◆ Problem to work on ◆
In the entries, find all lines that hold the word "Small" and copy them.

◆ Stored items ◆

---------------

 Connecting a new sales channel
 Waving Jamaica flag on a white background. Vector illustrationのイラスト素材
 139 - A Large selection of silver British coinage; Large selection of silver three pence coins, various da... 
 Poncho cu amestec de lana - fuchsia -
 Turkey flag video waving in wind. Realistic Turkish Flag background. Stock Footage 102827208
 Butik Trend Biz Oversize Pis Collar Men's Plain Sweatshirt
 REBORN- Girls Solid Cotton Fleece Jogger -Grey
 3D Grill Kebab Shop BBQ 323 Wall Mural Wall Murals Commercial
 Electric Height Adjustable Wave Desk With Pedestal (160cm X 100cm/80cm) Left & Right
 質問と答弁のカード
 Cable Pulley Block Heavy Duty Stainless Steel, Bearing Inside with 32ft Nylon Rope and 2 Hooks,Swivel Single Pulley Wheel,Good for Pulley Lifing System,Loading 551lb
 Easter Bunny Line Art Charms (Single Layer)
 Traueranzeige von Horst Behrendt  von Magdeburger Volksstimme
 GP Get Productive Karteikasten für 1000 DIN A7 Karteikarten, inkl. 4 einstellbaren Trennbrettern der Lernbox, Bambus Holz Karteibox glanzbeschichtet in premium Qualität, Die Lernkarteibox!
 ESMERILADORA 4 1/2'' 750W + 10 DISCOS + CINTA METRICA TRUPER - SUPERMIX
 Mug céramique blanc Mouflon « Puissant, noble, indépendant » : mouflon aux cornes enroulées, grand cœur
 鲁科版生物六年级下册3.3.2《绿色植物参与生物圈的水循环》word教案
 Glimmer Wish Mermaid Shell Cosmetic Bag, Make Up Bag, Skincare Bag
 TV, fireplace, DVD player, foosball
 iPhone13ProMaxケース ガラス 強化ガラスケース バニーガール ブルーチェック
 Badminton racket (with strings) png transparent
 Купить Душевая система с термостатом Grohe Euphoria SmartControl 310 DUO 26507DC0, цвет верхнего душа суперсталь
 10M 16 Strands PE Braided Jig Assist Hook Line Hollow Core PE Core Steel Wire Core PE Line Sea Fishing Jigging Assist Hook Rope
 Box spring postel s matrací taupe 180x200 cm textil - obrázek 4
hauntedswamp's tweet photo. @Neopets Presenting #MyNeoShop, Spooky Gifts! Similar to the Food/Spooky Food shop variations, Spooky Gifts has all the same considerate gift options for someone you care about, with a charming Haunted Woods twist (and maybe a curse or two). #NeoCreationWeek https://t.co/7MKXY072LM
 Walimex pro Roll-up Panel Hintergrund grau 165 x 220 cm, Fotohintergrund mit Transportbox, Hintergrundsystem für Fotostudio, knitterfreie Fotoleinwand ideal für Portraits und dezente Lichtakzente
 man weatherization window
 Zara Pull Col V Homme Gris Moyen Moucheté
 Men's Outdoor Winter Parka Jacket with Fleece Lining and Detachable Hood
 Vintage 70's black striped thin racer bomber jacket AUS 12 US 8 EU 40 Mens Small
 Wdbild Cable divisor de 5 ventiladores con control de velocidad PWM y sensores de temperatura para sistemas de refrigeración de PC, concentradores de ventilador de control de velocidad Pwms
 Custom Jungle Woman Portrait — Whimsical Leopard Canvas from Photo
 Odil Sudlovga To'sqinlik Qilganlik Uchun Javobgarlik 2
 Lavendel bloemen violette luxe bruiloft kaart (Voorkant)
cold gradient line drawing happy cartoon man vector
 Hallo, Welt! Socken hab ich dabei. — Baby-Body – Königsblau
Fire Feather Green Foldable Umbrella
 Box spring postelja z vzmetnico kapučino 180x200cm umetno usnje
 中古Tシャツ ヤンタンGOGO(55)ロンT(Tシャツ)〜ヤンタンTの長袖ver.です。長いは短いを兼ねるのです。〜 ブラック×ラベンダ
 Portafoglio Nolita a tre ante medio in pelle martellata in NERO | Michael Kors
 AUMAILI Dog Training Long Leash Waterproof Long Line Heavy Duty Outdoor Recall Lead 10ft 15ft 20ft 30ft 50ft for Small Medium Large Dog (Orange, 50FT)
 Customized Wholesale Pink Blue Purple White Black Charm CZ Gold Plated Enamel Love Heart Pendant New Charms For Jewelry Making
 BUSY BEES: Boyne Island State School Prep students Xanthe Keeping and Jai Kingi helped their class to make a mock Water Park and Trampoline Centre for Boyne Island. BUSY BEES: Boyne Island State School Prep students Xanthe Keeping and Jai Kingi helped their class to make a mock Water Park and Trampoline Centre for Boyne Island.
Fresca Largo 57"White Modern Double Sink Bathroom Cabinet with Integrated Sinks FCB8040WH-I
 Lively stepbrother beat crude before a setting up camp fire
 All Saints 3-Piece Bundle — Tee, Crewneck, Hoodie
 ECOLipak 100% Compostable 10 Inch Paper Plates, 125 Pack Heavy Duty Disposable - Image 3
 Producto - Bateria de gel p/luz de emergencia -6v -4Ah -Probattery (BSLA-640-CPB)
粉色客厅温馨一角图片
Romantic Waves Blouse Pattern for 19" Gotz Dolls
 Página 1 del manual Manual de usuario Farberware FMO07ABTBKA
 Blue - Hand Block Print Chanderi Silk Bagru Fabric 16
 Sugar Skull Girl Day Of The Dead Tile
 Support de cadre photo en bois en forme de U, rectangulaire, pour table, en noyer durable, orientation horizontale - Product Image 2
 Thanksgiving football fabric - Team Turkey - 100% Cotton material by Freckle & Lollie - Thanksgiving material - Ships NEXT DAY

---------------

◆ Solution to the problem ◆
 Vintage 70's black striped thin racer bomber jacket AUS 12 US 8 EU 40 Mens Small
 AUMAILI Dog Training Long Leash Waterproof Long Line Heavy Duty Outdoor Recall Lead 10ft 15ft 20ft 30ft 50ft for Small Medium Large Dog (Orange, 50FT)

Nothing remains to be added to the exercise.